====== INPUT RECORDS

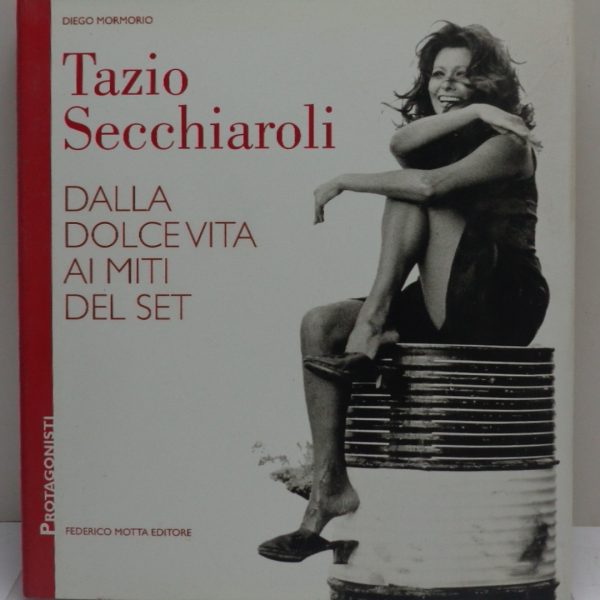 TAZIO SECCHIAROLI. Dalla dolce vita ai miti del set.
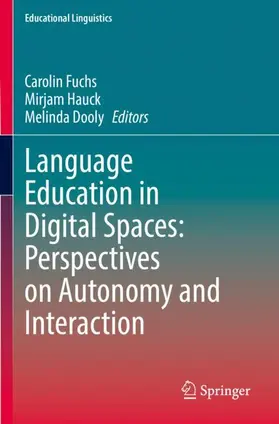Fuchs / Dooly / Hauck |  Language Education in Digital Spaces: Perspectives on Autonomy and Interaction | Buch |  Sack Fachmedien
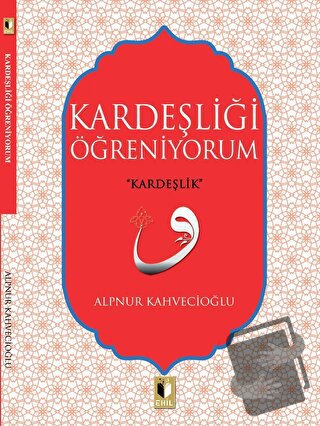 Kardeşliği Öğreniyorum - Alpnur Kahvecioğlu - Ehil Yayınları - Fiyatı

============
====== INPUT RECORDS

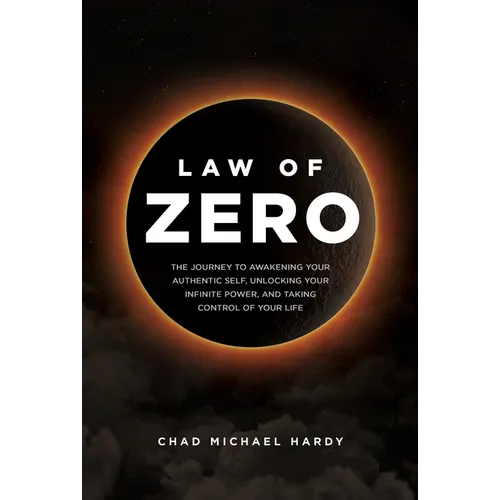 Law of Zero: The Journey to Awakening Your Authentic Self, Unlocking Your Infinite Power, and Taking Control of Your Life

============

> **TASK DESCRIPTION**: I would like the exact lines from the data above, starting with the one that holds "TAZIO SECCHIAROLI. Dalla" and going on through the one that holds "Kardeşliği Öğreniyorum - Alpnur", without the pictures.

> **SOLUTION TO THIS TASK**:
 TAZIO SECCHIAROLI. Dalla dolce vita ai miti del set.
Fuchs / Dooly / Hauck |  Language Education in Digital Spaces: Perspectives on Autonomy and Interaction | Buch |  Sack Fachmedien
 Kardeşliği Öğreniyorum - Alpnur Kahvecioğlu - Ehil Yayınları - Fiyatı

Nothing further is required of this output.